## TASK OBJECTIVE
Beginning with the line that contains "Kapan Peristiwa Rengasdengklok", print each line to the end of the data exactly. Omit the pictures.

## RECORDS SUPPLIED

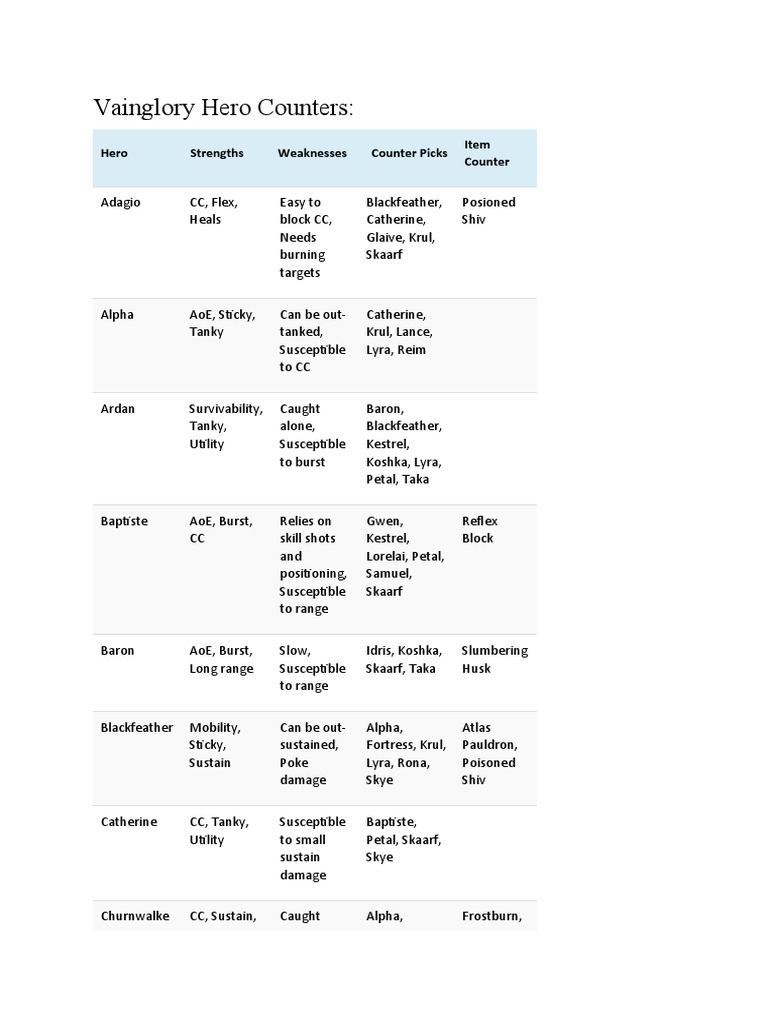 Vainglory Hero Counters A Comprehensive Guide To Countering Heroes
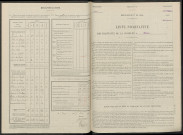 Beaunay. Dénombrement de la population 1946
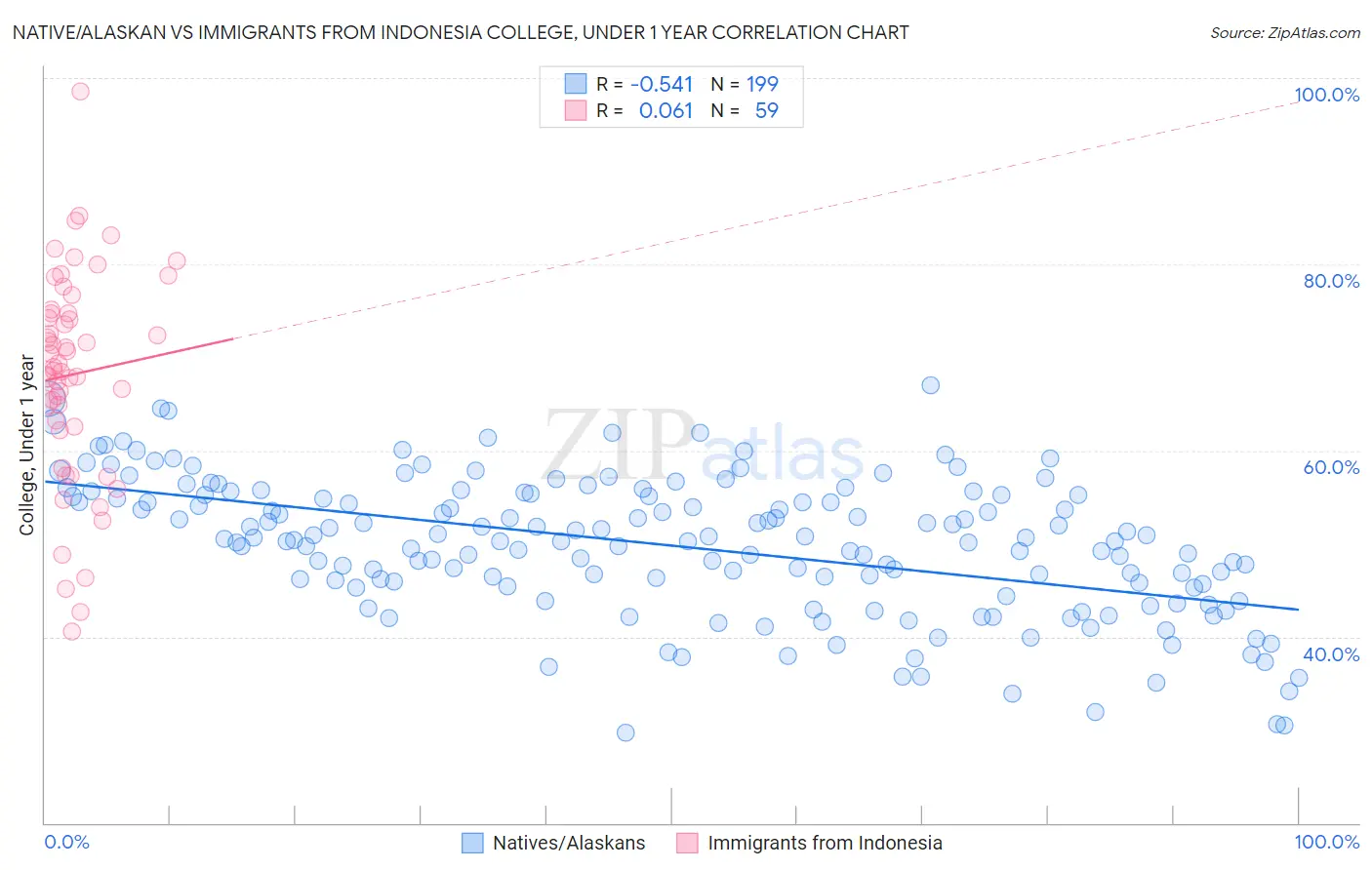 Native/Alaskan vs Immigrants from Indonesia College, Under 1 year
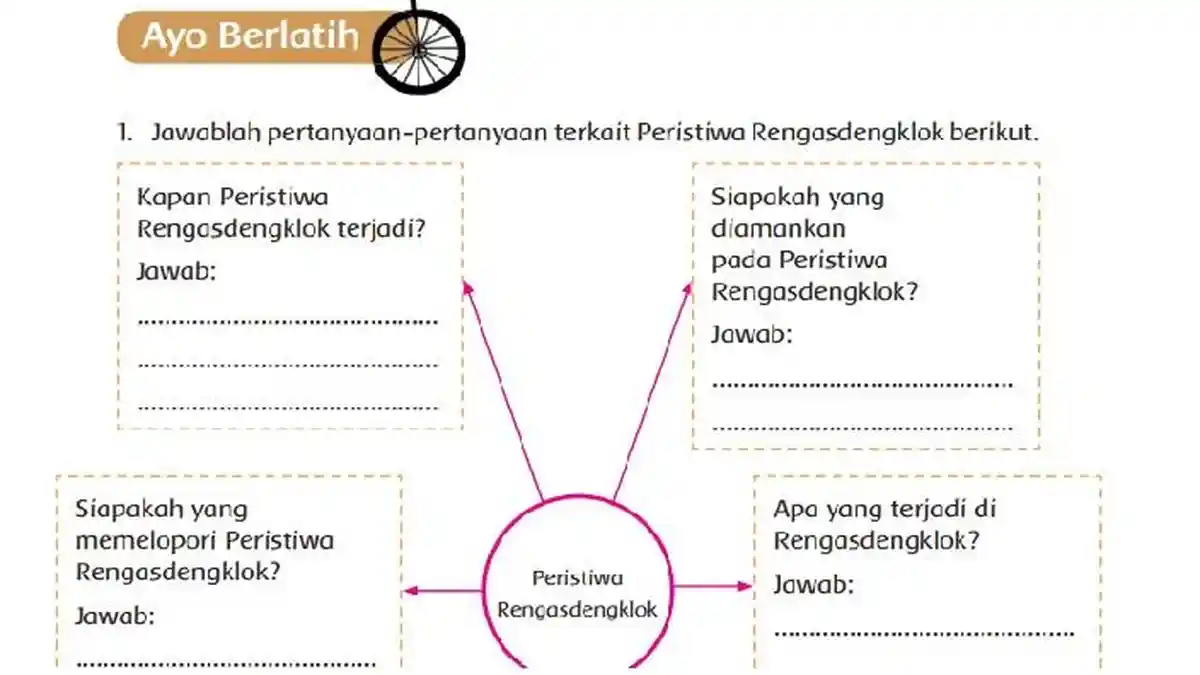 Kapan Peristiwa Rengasdengklok Terjadi? Buku Tema 7 Kelas 5 Halaman 92 Subtema 2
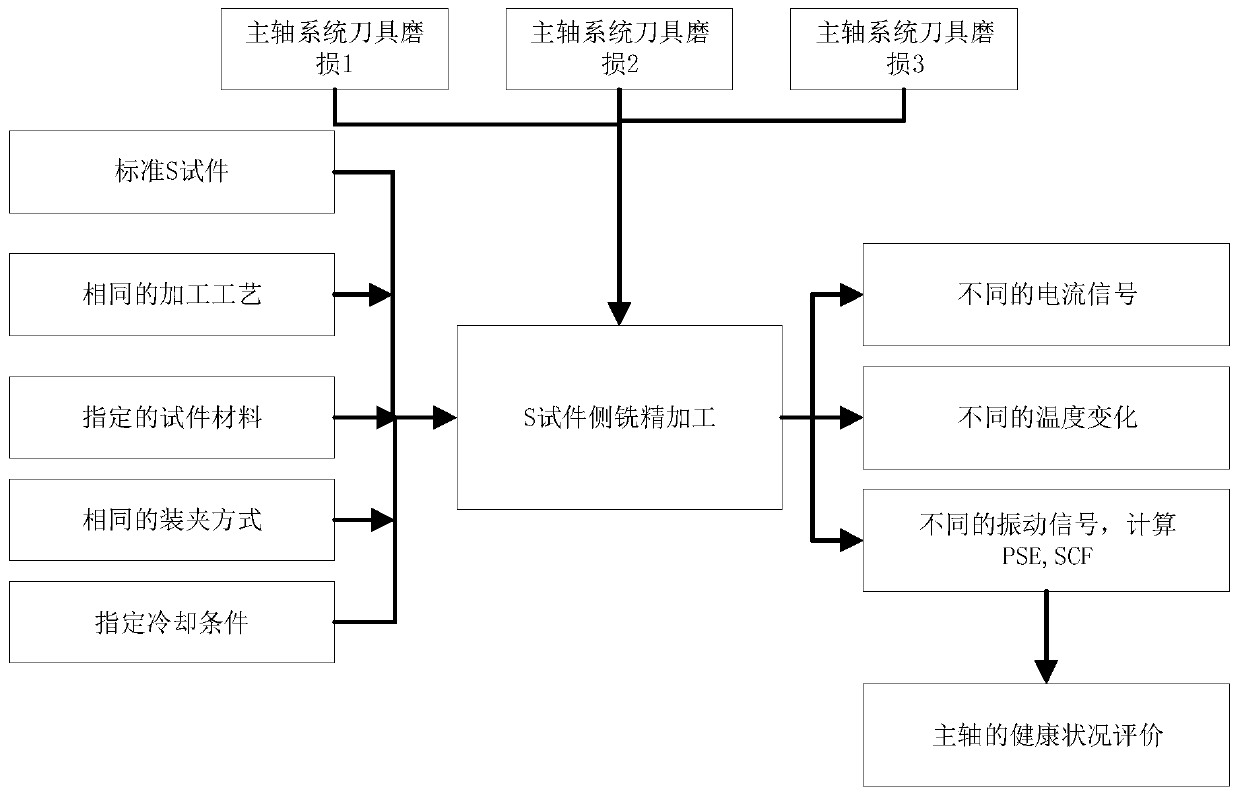 Self-adaptive main shaft performance degradation identification method based on S test piece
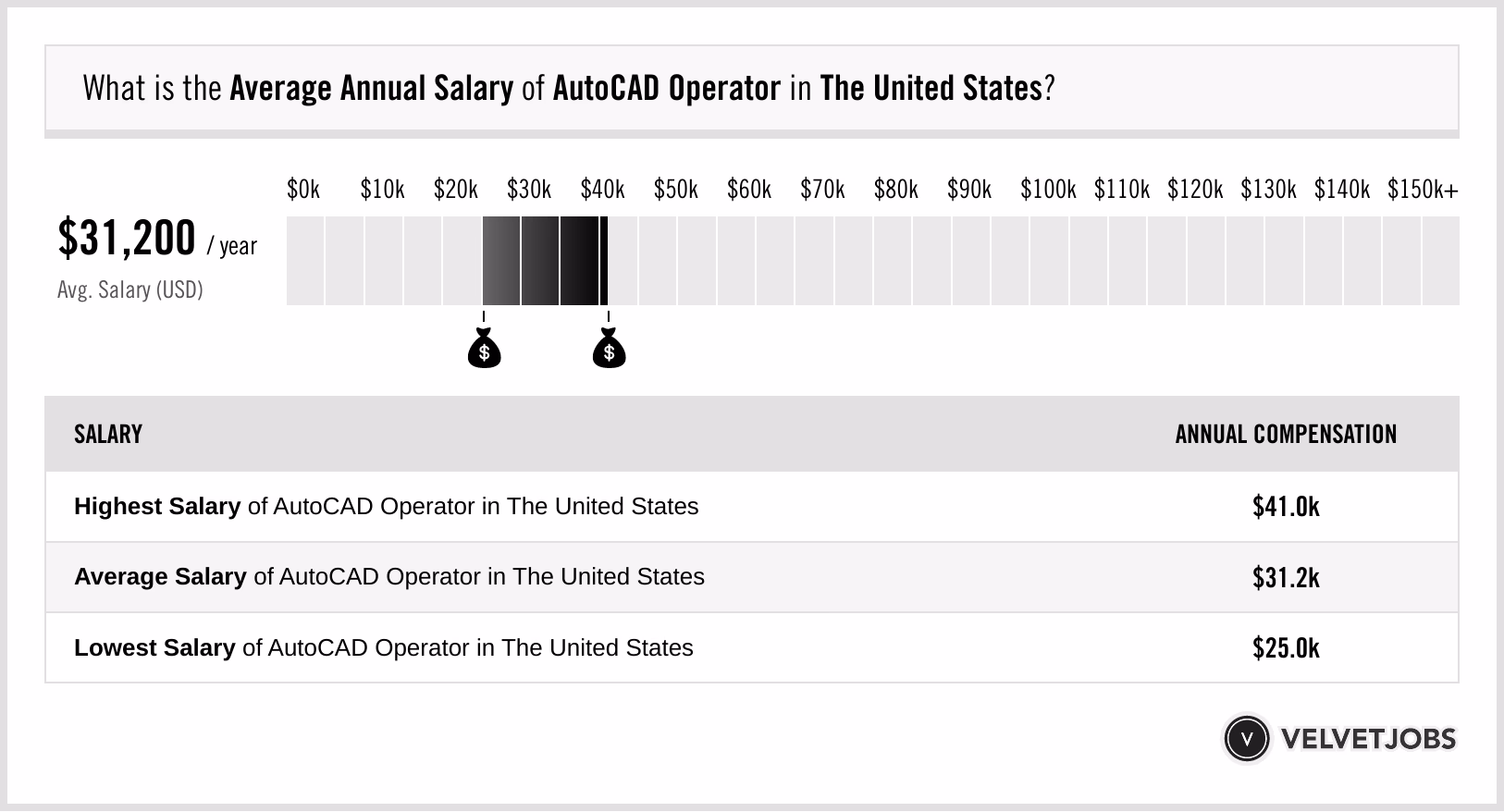 How much do AutoCAD operators make?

## RESPONSE
 Kapan Peristiwa Rengasdengklok Terjadi? Buku Tema 7 Kelas 5 Halaman 92 Subtema 2
 Self-adaptive main shaft performance degradation identification method based on S test piece
 How much do AutoCAD operators make?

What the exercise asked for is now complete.